#### Data extract:
########################################

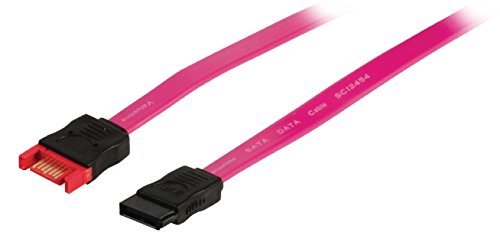 Valueline VLCP73105R10 SATA Daten-Verlängerungskabel rot - 2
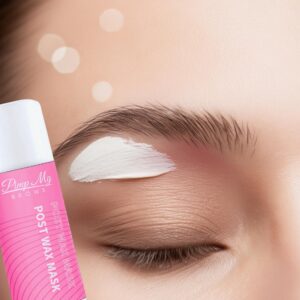 Post Wax Mask Pimp My Brows 80ml Łagodząca Maska Po Depilacji Brwi i Twarzy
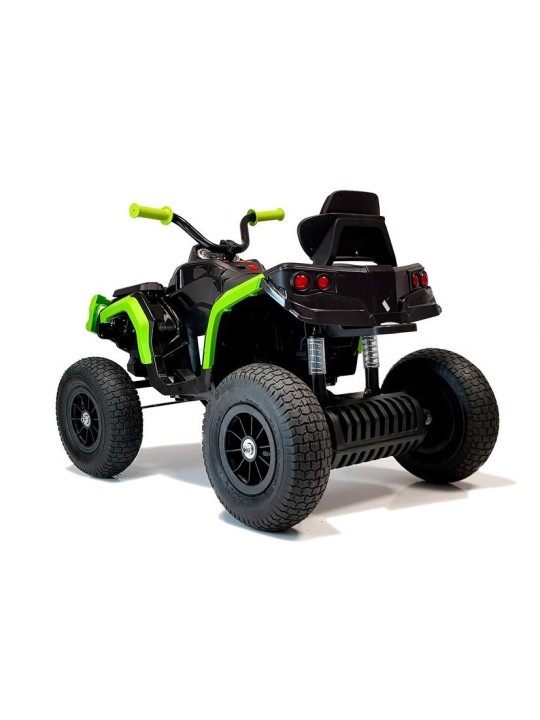 Quad BDM0906 Elektriskais jāmamais transportlīdzeklis Melns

########################################

#### What the task asks:
Omit the pictures and reproduce the remaining material above exactly.

#### Solution to this problem:
 Valueline VLCP73105R10 SATA Daten-Verlängerungskabel rot - 2
 Post Wax Mask Pimp My Brows 80ml Łagodząca Maska Po Depilacji Brwi i Twarzy
 Quad BDM0906 Elektriskais jāmamais transportlīdzeklis Melns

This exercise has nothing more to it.